Die Cyber-Lauflernhilfe

Der „Virtualizer" kann jedenfalls weit mehr als all die bisherigen Headsets, bei denen wir sitzend berieselt werden: Auf Socken steht der Nutzer auf der flachen Plattform, fixiert durch eine vertikal frei bewegliche Ringkonstruktion. Die Steuer funktioniert alleine durch den Körper und integrierte Sensoren erfassen zentimetergenau, wie wir uns bewegen: nicht nur wie wir gehen und laufen, sondern auch wie wir uns ducken und springen. Die Standardversion wird schon für knapp 600 Euro zu haben sein und für nur 150 Euro mehr erhälst du den Virtualizer HT, der dir durch Vibrationen realistisch vermitteln wird, wie zum Beispiel eine Granate neben dir einschlägt.

Horrorspiele mit dem Virtualizer bei dem man auf Socken um sein Leben laufen, aber niemals ganz entkommen kann.

Alle Bilder: Virtualizer/ Verwendet mit freundlicher Genehmigung.

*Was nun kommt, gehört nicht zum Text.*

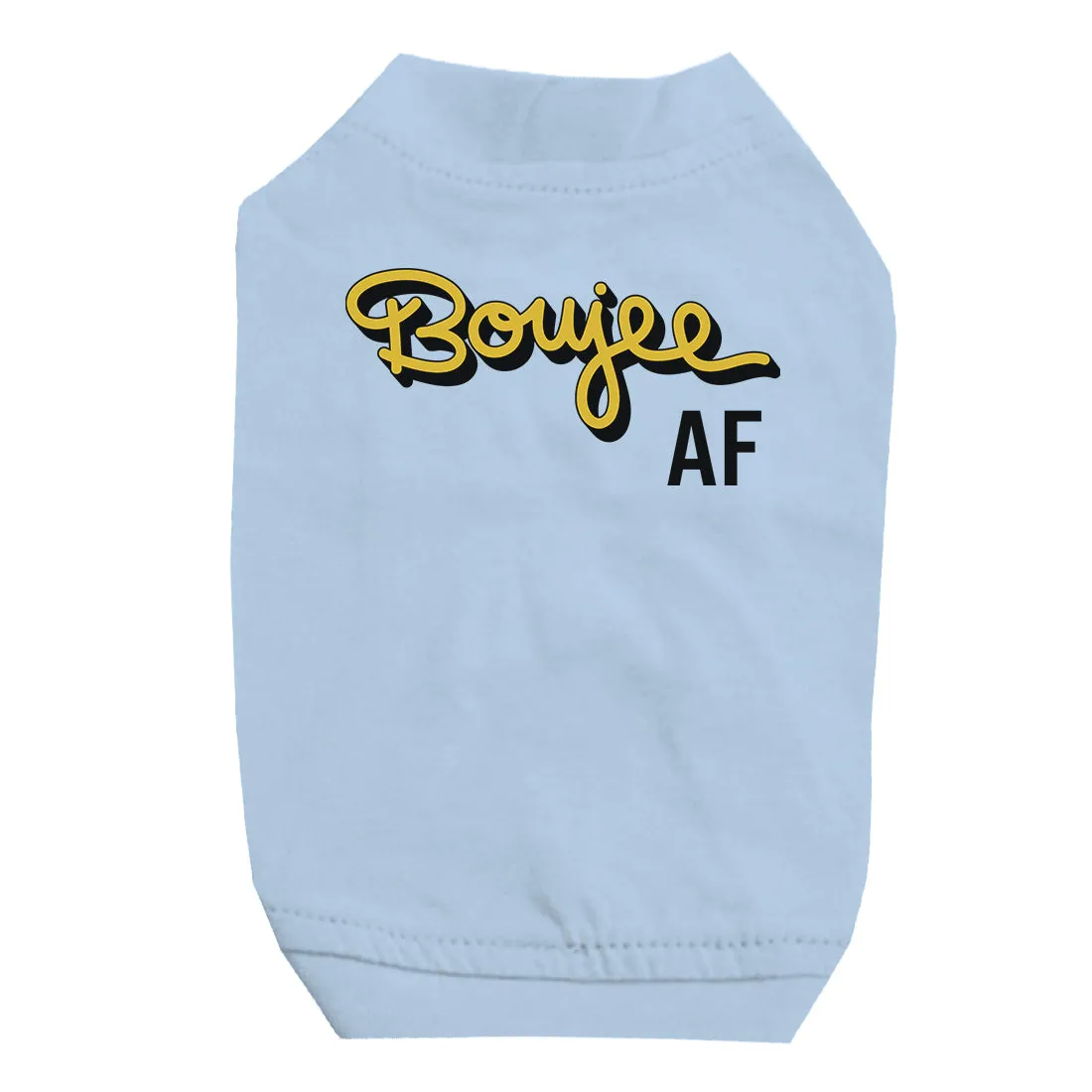 365 Printing Boujee AF Pet Shirt for Small Dogs Funny Saying Dog Lovers Gifts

Die Begeisterung um das kleine österreichische Start-Up passt zum aktuellen Hype um die virtuelle Realität (VR). Schon dem VR Headset Oculus Rift gelang auf Kickstarter mit 1,8 Millionen Euro ein Riesenerfolg. Die spätere Übernahme durch Facebook mit der Kaufsumme von 1,5 Milliarden Euro beförderte auch das Gerücht, dass die bei Entwicklern beliebte Datenbrille Ende diesen Jahres tatsächlich offiziell im Handel erhältlich sein könnte. Sony steckt mit Project Morpheus inzwischen tief in der Entwicklung eines Konkurrenzmodells.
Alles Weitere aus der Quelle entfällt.